When was the Chicago Tribune first published?

The first edition of the Chicago Tribune hit newsstands on the 10th of June 1847. James Kelly, John E. Wheeler, and Joseph K. C. Forrest published that initial issue in a city still finding its footing after the Great Fire of 1835.

Who founded the Chicago Tribune newspaper?

James Kelly, John E. Wheeler, and Joseph K. C. Forrest published the first edition of the Chicago Tribune on the 10th of June 1847. The paper began without political affiliation but quickly aligned with the Whig or Free Soil parties against Democrats.

What happened when the Chicago Tribune printed Dewey Defeats Truman?
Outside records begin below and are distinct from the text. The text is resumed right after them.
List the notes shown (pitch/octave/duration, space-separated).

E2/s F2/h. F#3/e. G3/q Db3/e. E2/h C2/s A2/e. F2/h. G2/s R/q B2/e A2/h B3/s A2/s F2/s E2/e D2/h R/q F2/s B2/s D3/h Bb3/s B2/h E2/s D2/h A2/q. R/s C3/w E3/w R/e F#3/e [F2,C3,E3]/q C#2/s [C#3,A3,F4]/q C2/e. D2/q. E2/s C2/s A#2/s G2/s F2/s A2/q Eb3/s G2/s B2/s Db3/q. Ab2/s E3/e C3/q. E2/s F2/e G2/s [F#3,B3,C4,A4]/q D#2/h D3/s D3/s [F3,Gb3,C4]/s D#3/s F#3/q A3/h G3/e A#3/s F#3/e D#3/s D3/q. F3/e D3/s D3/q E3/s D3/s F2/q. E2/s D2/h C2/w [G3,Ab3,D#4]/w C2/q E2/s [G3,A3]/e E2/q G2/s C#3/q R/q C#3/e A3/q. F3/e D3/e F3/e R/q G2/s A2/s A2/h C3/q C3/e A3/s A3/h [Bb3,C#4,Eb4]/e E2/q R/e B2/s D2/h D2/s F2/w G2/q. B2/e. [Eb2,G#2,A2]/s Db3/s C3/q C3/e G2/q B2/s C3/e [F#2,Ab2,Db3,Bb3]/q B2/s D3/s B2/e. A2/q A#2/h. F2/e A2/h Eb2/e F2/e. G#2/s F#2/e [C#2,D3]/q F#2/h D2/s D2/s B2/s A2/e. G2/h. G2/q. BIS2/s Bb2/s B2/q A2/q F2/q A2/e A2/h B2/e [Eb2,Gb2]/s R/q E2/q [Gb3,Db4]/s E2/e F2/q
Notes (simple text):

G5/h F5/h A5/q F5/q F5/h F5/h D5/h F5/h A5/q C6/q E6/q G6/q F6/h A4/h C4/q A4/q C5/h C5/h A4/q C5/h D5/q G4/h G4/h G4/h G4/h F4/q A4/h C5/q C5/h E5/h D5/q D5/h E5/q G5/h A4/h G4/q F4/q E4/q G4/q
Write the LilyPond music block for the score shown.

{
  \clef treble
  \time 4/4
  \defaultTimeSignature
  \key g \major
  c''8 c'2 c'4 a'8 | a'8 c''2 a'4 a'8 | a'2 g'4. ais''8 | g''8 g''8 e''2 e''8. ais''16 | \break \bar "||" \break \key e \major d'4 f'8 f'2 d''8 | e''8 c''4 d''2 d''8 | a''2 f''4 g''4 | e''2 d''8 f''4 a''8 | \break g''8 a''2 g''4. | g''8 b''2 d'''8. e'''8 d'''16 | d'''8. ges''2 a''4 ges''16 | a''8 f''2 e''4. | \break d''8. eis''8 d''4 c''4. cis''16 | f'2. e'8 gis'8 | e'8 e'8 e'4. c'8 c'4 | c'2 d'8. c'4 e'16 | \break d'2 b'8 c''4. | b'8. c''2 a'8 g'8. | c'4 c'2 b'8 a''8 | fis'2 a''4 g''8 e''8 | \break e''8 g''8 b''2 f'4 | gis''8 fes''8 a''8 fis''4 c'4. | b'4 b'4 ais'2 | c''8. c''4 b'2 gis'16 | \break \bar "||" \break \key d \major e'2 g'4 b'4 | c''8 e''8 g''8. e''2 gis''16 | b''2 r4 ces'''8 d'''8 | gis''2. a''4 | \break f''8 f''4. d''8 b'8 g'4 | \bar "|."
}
A false article written by Arthur Sears Henning purported to describe West Coast results before East Coast data was available leading to the headline printed on the 3rd of November 1948 stating Dewey Defeats Truman. Democrat Harry S. Truman actually won and proudly brandished the paper at St. Louis Union Station.

How much did Sam Zell pay for the Chicago Tribune Company?

Chicago real estate magnate Sam Zell bought the Tribune Company in December 2007 for an $8.2 billion deal. Just over a year later the company filed for Chapter 11 bankruptcy protection on the 8th of December 2008 citing debt of $13 billion and assets of $7.6 billion.

When did Alden Global Capital acquire Tribune Publishing?

In May 2021, Alden Global Capital acquired Tribune Publishing operating its media properties through Digital First Media. Alden immediately launched employee buyouts reducing newsroom staff by 25 percent.